Where: Viman Nagar
Seating: Indoor, Outdoor
It has not been long since I was introduced to the fine Bengali cuisine, but it is something that I can’t seem to get enough of. Having been a lover of subtle flavors all my life, I guess it was only a matter of time that me and Aloo Posto hit it off. Since then, there has been no looking back for us.
I am totally and completely in love with all the Bengali dishes that I have discovered and experienced until now. The Maachh Bhaat, the Mutton Kosha, the Aloo Bhaja – all very flavorful. And if you are one such lover, you know how difficult it can be to find good Bengali food in the city.
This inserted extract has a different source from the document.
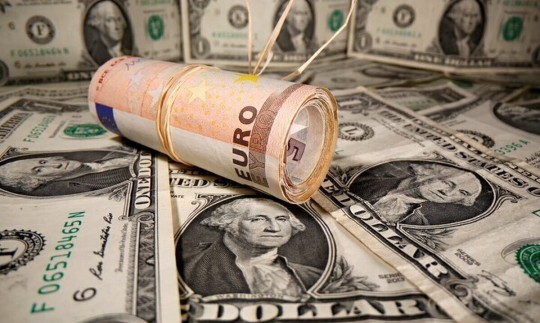 فروش ۱۱۲ میلیون دلار در بازار ارز تجاری/ ۵۲ صادرکنند ارز فروختند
Restaurants offering the cuisine are only a handful, and sadly, they are not all that great.
But there’s one place that fails to disappoint me, at least as far as few dishes are concerned. The Bengali Sweets and Foods Shop is a very small eatery in Panama Towers, just adjacent to the Air Force Station in Viman Nagar. Yesterday, the temptation for my favorite Posto+Dal+Bhaja combo urged me to visit again.
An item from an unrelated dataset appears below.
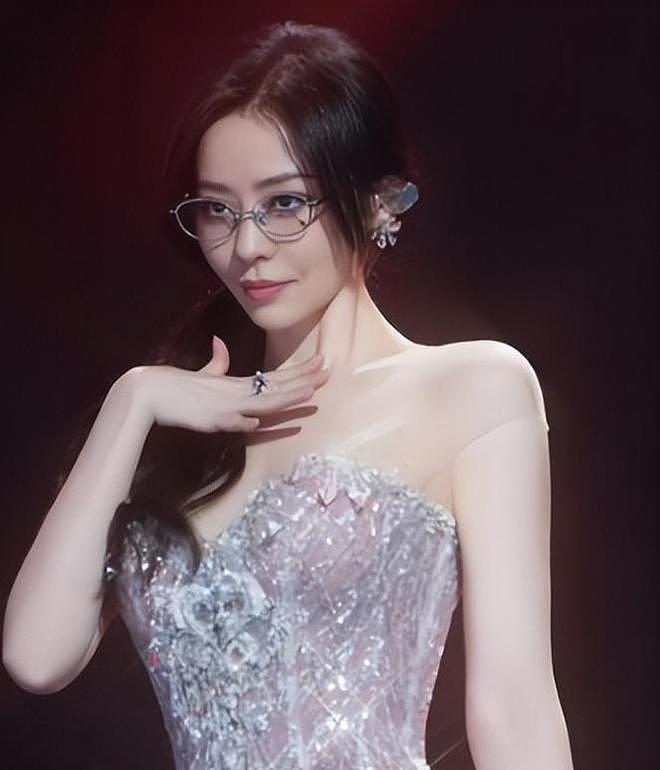 名利双收有什么用？张靓颖如今现状，给内娱的明星们敲响了警钟（组图） - 7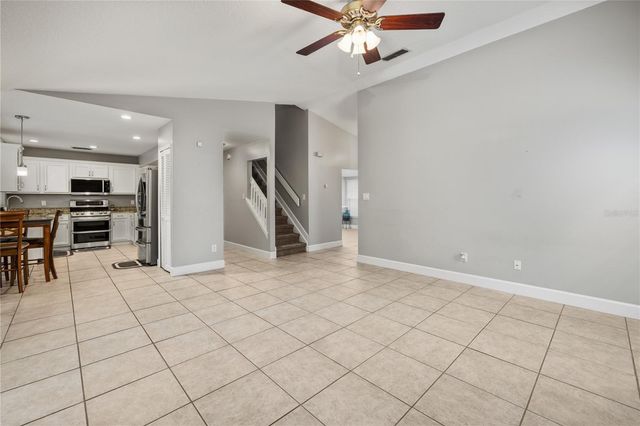 1154 DEER LAKE CIRCLE, Apopka, FL 32712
And if the combo is what had urged me, doesn’t mean I stop there right? I also tried the Mughlai Paratha this time, which was better than the other Mughlai Parathas that I have had so far, but I am not going to say it was extraordinary either. The Mutton Kosha was just as impressive, the best mutton I’ve tasted in the town I would say.
Now I know I went a little overboard, but how do you come to a Bengali Sweets Shop and not have sweets? And just so you know, no Bengali meal is complete without a little bit of mishti. So basically, I just played by the rules. 😀 The Gud Roshogulla – heavenly, The Malai Chom Chom – divine, and the Sondesh – I think no adjective can do justice to the sondesh here, they are indescribably good, you are just going to have to try them yourselves. Just be sure to give the Kheer Kadam a miss though.
And you are going to be damned when you go over and pay the bill … you will be damned to see you had all that food, ALL that delicious food just for a dime. Despite the not-too-fancy seating arrangement and ambience, this is one place you wouldn’t want to miss.
Look What I Found:
It is a common practice to mould sandesh into a variety of shapes, for example shells (shankhs) or elephants, typically in a Bengali wedding. I stumbled upon this huge fish-shaped sandesh at the restaurant, made on demand for a customer. Now there are two kinds of fish I love, ah well!